The Arrival of the Potato
It’s impossible to give a precise name of who first created the baked dish we know today as shepherd’s pie.
The English naturalist Sir Thomas Harriot returned from Sir Walter Raleigh’s colony in North Carolina in 1586, bringing with him one of the botanical treasures of the New World – potatoes. Cited in his A Briefe and True Report of the New Found Land of Virginia as “Openavk,” they were described as being very good when “boiled or sodden.”
Raleigh himself is credited with introducing potatoes to Ireland some three years later. Some other sources, meanwhile, cite Sir Francis Drake introducing potatoes to Britain about the same time as he returned from his circumnavigation of the globe.
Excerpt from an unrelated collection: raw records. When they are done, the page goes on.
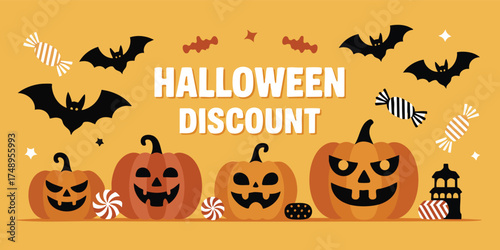 Graphic design featuring Halloween discounts against an orange backdrop with pumpkins bats candies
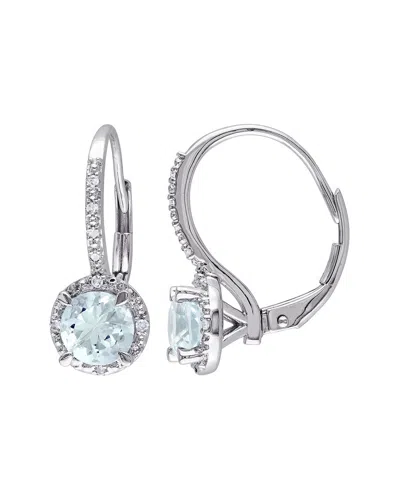 Rina Limor 14k 1.56 Ct. Tw. Diamond & Aquamarine Halo Earrings In Metallic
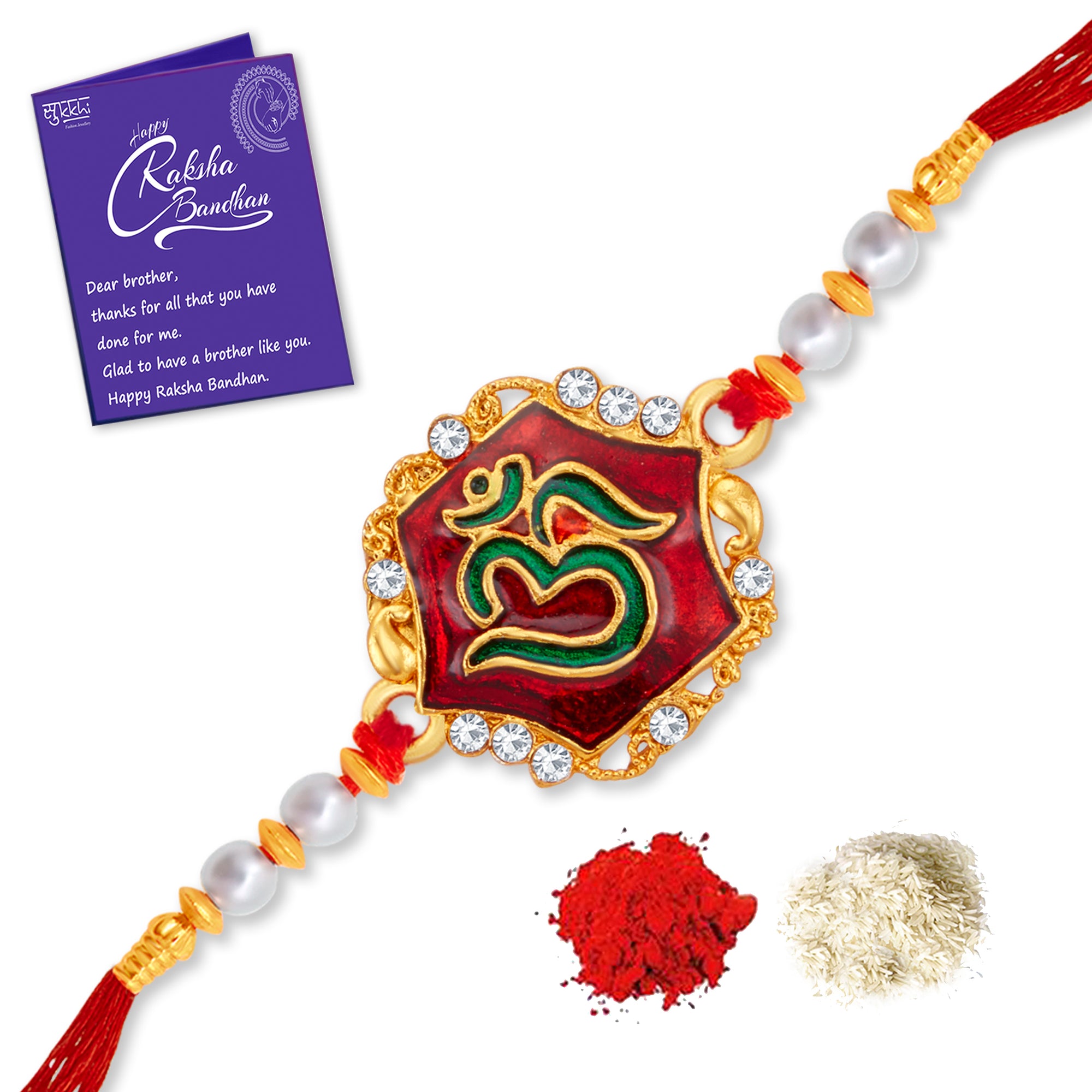 Sukkhi Fashionable Gold Plated OM Meenakari Rakhi with Roli Chawal and Raksha Bandhan Greeting Card For Men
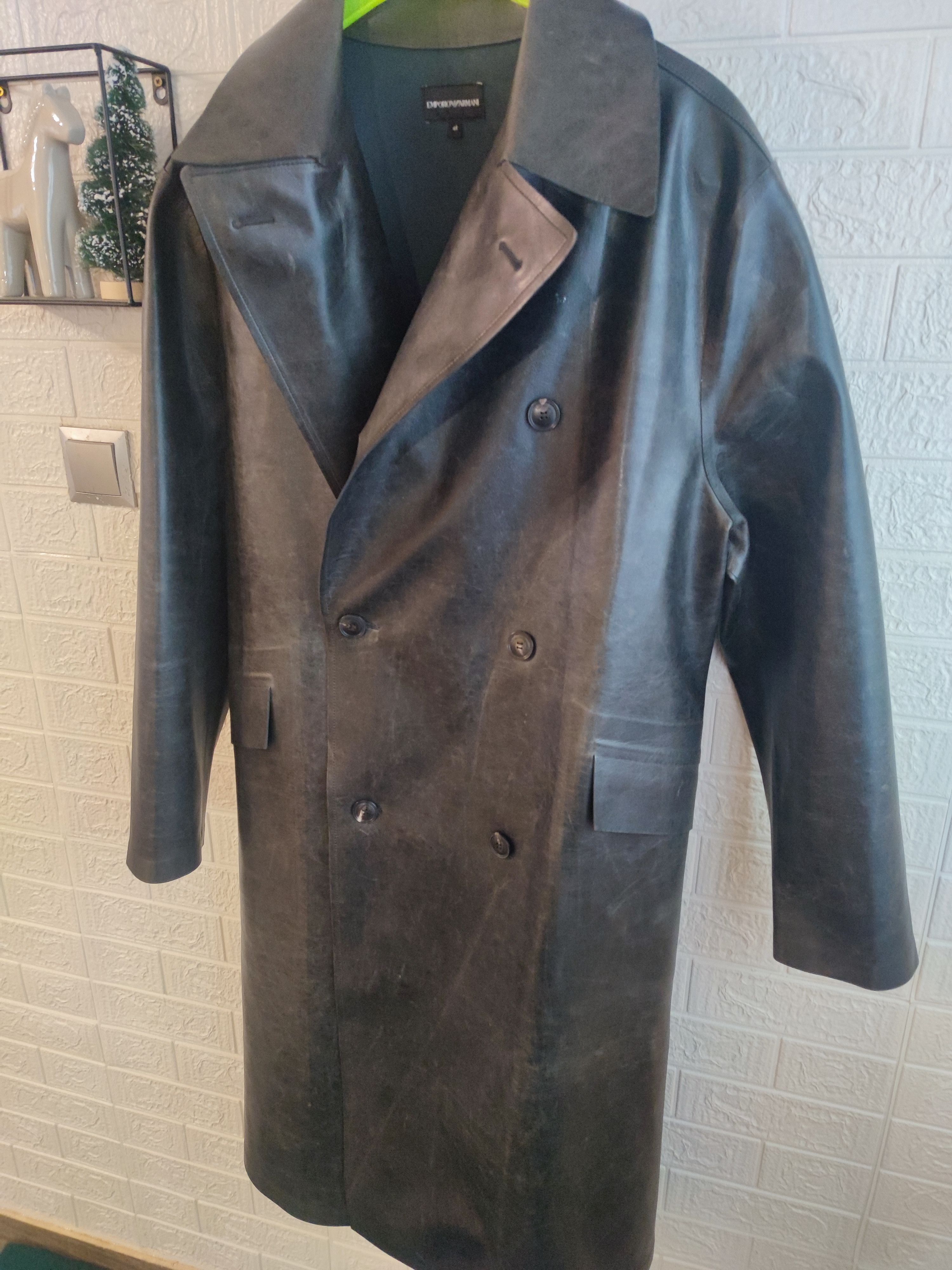 Emporio Armani Exclusive Leather Coat by Emporio Armani, Size 48 Size US M / EU 48-50 / 2 - 7 Thumbnail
The soil and weather of the British Isles were quite suitable for growing the imported tuber. Thus, as England and Ireland moved into the 17th Century, the potato began to become increasingly common – though there was still resistance to the imported new food across Europe, and it would be the 1700s before the potato rose to its place as a staple of the English diet.
READ MORE: The Irish Famine
A Frugal Food
From all the way back to prehistory and our time as hunter-gatherers, people have always tried to get as much mileage as possible out of their food. Food was wrapped in straw, buried underground, submerged in icy streams, or packed in ice and snow to prevent spoilage and make sure nothing went to waste.
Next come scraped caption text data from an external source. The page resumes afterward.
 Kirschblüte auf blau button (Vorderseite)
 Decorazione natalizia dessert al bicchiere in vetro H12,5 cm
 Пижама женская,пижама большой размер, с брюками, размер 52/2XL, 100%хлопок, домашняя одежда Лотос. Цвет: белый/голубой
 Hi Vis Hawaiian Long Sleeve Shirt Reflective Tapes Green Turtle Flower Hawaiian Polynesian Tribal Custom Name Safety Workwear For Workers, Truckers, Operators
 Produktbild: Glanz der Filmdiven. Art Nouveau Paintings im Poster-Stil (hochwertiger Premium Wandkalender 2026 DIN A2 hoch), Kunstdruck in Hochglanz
The skill of making use of leftover food is particularly critical to the poor. When the ability to get more is restricted, getting the most from what you have is imperative.
So it was in the cottages of the British Isles. The leftover meat of the weekend roast would be kept in order to be used for later meals – and the arrival of the potato offered a particularly satisfying way to do it.
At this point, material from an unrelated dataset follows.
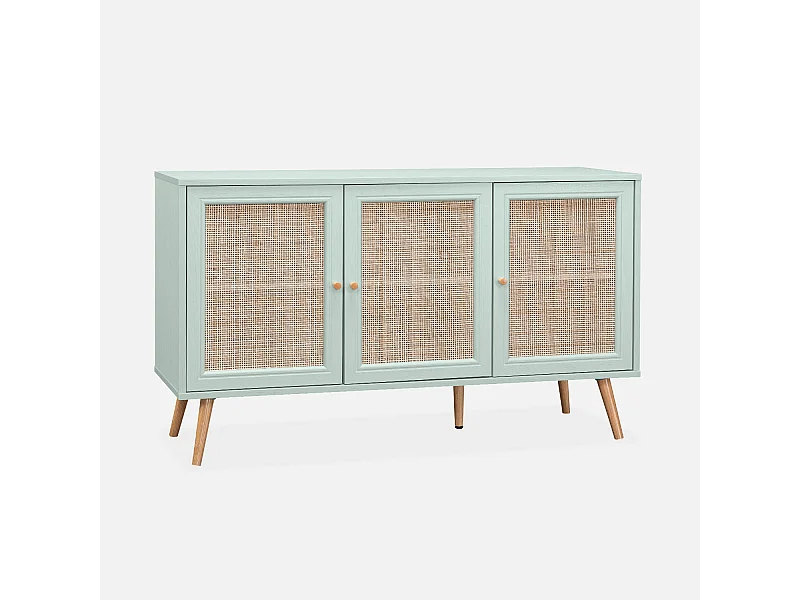 Buffet de rangement en cannage 120x39x70cm  - Bohème - 2 niveaux. 3 portes. pieds scandinaves. buffet bas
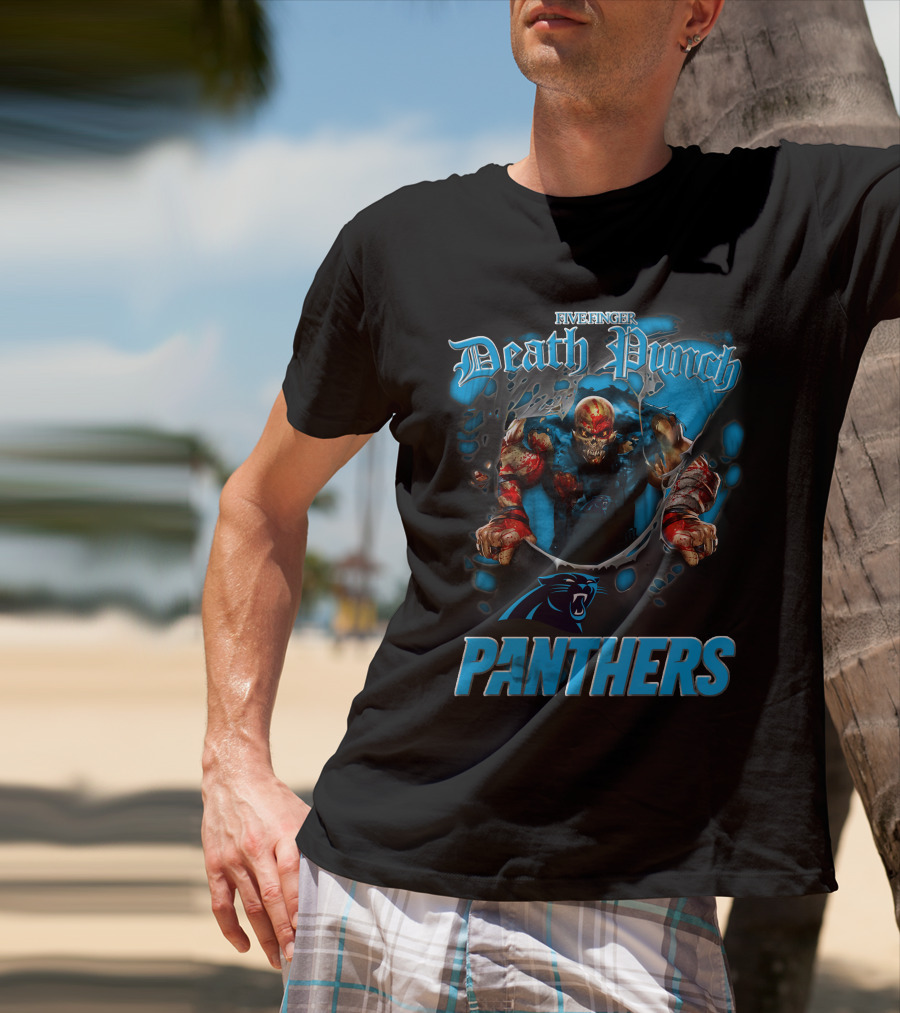 Five Finger Death Punch Panthers Harley Davidson Motorcycle Biker Nfl Carolina Panthers T-Shirt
Using mashed potatoes to make a crust for the top, this leftover meat could be minced and made into a pie. Whatever vegetables might be at hand – carrots, peas, onions, for instance – could likewise be added in a layer under the potatoes to enhance the pie even more.
The result was something affordable, simple, and hearty. For the struggling farmers and laborers of the British Isles, it was an ideal meal option – a pie for the poor in their cottages, which naturally came to be called “cottage pie.”
Exactly when this particular meal was first made, or when it became common, is impossible to know. We know, obviously, that it happened after the potato had been imported and began to be grown – but how long it took for the idea of the familiar meat and potato pie to take root is a secret lost to time.
We do know that the first reference to it appeared in 1791 in Diary of a Country Parson by Reverend James Woodforde of Norfolk. A meticulous recorder of everyday details such as the weather, illnesses, meals, and other minutia from the community, Woodforde’s diary is an invaluable look at the day-to-day occurrences of life in the late 18th Century.
According to Volume 13 of his diary, on August 29th of 1791, the Reverend had “Cottage-Pye and rost Beef.” It is unlikely that Woodforde coined the term – given his level of detail in writing, he almost certainly would have mentioned doing so – but this is the first recorded instance of the dish’s name.
It seems, however, that the name of the dish wasn’t yet consistent. In her A New System of Domestic Cookery: Formed Upon Principles of Economy; and Adapted to the Use of Private Families published in 1806, writer Maria Rundell included a brief description of a recipe for something called “Sanders” which called for mashed potatoes over minced beef or mutton – something which seems very clearly to be cottage pie.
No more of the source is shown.